Index | Thread | Search

From:
Kirill A. Korinsky <kirill@korins.ky>
Subject:
Re: misc/llama.cpp: update to b6934 with required update devel/libggml
To:
ports@openbsd.org
Date:
Mon, 03 Nov 2025 23:19:39 +0100

Download raw body.

Thread
On Mon, 03 Nov 2025 19:22:14 +0100,
Stuart Henderson <stu@spacehopper.org> wrote:
> 
> On 2025/11/03 15:15, Kirill A. Korinsky wrote:
> > We don't have GPU but with -t 32 I had run Qwen3 VL 30B model on CPU only at
> > AMD Ryzen 9 7950X3D with acceptable to use speed like 2 tokens/second which
> > more or leass useble.

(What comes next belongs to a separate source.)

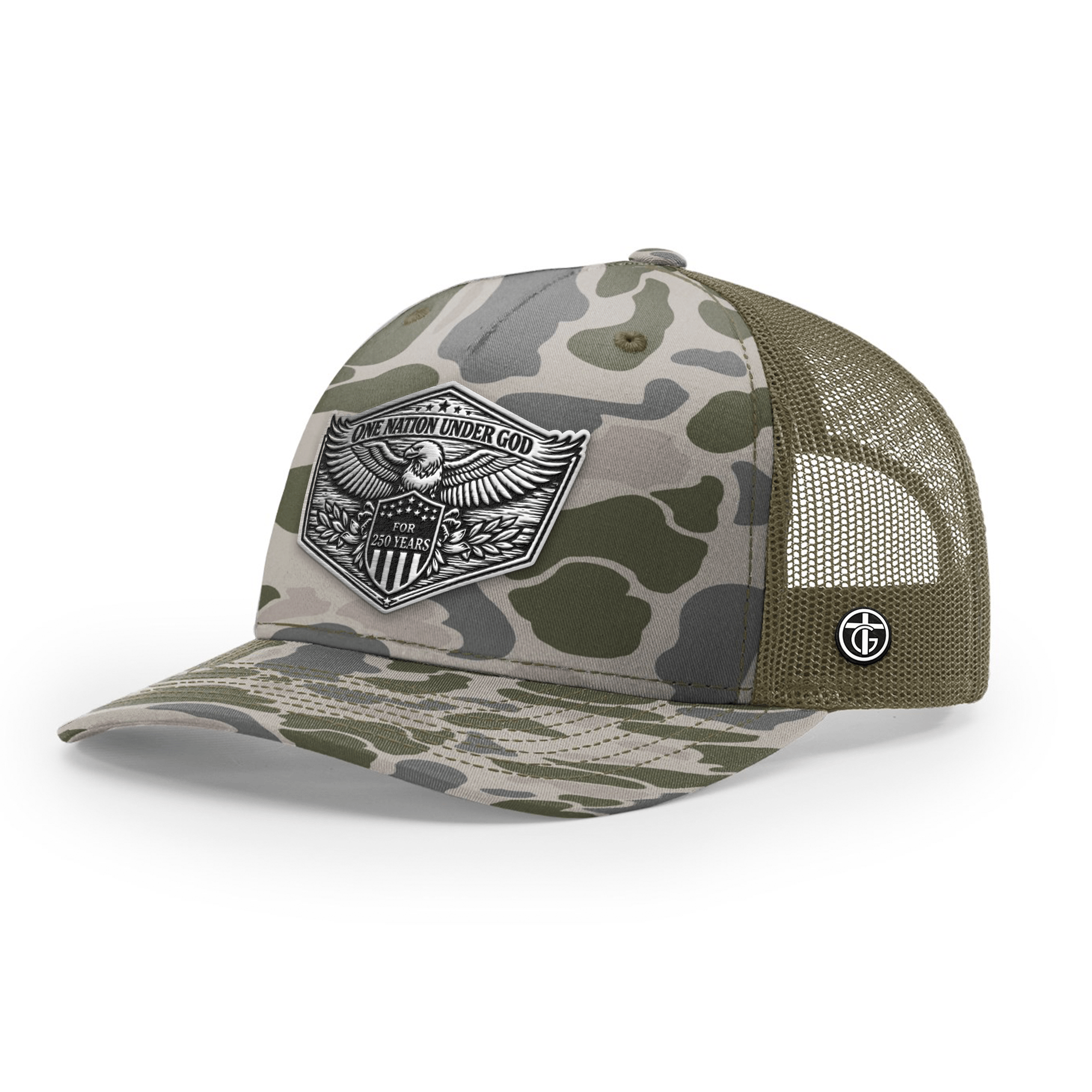 OurTrueGod Customs Hat Snapback / Marsh Duck Camo and Loden / One Size One Nation Under God 250th Year Hat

But it requires memory. 120G as :datasize is enough.
> > 
> > Because we uses libggml as dedicated port, it must to be updated to the last
> > version, and it contains a bug which brokes large models under large number
> > of threads: https://github.com/ggml-org/llama.cpp/issues/16960
> 
> i was hoping to hold off updating llama until there was a new ggml
> release (implying they think it's stable-ish) rather than follow the
> bleeding edge, but if you want then do it... please keep an eye on the
> repo for fixes for any breakages though.
>

Sure, I'll do.

More of that I'm waiting that upstream decided with this PR.

I won't go until it's merged at least to llama.cpp.

> 
> whisper still works, so with those changes it's ok with me.
> 

I'll incorparated your remarks in my local tree, thanks!

-- 
wbr, Kirill